Les membres du CNRD sont désormais des personnalités publiques et il serait intéressant d’établir une stratégie d’influence pour chacun d’entre eux. Ils pourront être une force de dissuasion en matière de mauvaise gouvernance simplement en agissant avec droiture et en montrant l’exemple. Messieurs les membres du CNRD, le meilleur service qu’on puisse rendre aux Guinéens, c’est l’exemplarité. Quand nous vous verrons faire, nous voudrons faire de même. Les messages doivent s’articuler autour de la vision, de la mission, des objectifs, des actions, les parcours… Tant de choses qui feront que l’empreinte du CNRD durera longtemps et s’imprègnera dans les cœurs des Guinéens.

Bien entendu, une stratégie de communication est adossée à des actions.

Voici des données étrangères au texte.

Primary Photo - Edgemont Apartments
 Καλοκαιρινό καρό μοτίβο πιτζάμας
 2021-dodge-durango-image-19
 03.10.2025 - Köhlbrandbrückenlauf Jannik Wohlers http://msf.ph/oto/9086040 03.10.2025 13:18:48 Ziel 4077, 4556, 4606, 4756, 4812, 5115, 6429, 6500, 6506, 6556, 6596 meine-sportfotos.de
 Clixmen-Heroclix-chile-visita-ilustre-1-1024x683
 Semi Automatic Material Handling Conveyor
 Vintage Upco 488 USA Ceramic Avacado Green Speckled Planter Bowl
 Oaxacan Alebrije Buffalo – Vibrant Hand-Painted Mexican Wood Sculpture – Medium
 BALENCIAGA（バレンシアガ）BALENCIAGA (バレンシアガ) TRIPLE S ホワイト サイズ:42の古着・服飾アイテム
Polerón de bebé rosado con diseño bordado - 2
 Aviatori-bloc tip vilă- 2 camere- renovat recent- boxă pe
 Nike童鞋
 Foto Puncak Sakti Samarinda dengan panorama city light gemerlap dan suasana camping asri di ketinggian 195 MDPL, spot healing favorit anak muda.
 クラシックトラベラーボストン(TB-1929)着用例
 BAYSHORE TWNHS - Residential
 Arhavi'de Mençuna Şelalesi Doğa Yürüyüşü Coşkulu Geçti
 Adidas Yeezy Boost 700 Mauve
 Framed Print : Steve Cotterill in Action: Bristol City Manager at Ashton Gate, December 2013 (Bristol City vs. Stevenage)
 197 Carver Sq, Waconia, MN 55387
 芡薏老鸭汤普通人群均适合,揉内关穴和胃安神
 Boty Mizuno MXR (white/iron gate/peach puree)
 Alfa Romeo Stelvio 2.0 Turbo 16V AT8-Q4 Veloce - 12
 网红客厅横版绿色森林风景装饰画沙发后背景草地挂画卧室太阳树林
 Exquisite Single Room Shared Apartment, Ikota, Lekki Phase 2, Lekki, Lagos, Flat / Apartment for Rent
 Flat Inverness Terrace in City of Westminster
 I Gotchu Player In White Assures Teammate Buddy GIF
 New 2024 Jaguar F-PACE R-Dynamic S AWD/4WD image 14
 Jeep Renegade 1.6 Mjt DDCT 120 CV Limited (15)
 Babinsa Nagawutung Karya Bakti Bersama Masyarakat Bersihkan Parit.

Il faut de la cohérence et de l’alignement, sinon, ça ne marchera pas. Raison pour laquelle, la stratégie est élaborée en fonction de la vision, des objectifs et des actions du commanditaire.

Aussi, le travail de communication ne peut pas non plus se substituer à la justice. Un conseil pour le domaine de la justice, profitez de ces premières heures pour sanctionner sévèrement et faites-le savoir. La donne changera et nous allons rentrer dans les rangs.

Ces propositions tiennent compte du fait qu’aucun membre du CNRD se présentera aux élections. Sinon, bien entendu, il faudra modifier les plans pour s’adapter à la nouvelle orientation. Mais ce qui est sûr, l’application d’une bonne stratégie permettra aux membres du CNRD de revenir avec plus de légitimité par la suite.

Partis politiques, vous avez deux ans pour communiquer !

Vous avez du temps pour vous préparer afin de mettre en œuvre une communication politique plus globale. Oui, la communication est le cœur qui fait battre toute campagne politique surtout dans un pays où nos mamans de Madina comprennent que le sac de riz est passé de 180.000 GNF à 220.000 GNF. Elles n’ont que faire de la révision de la loi des finances 2021. Elles croient ce qu’elles voient !

Votre équipe de communication ne doit pas se contenter d’intervenir qu’à la veille des élections mais tout au long des activités du parti.

C’est une aubaine de disposer de deux années pour communiquer, construire une image de marque et un programme solide pour les élections.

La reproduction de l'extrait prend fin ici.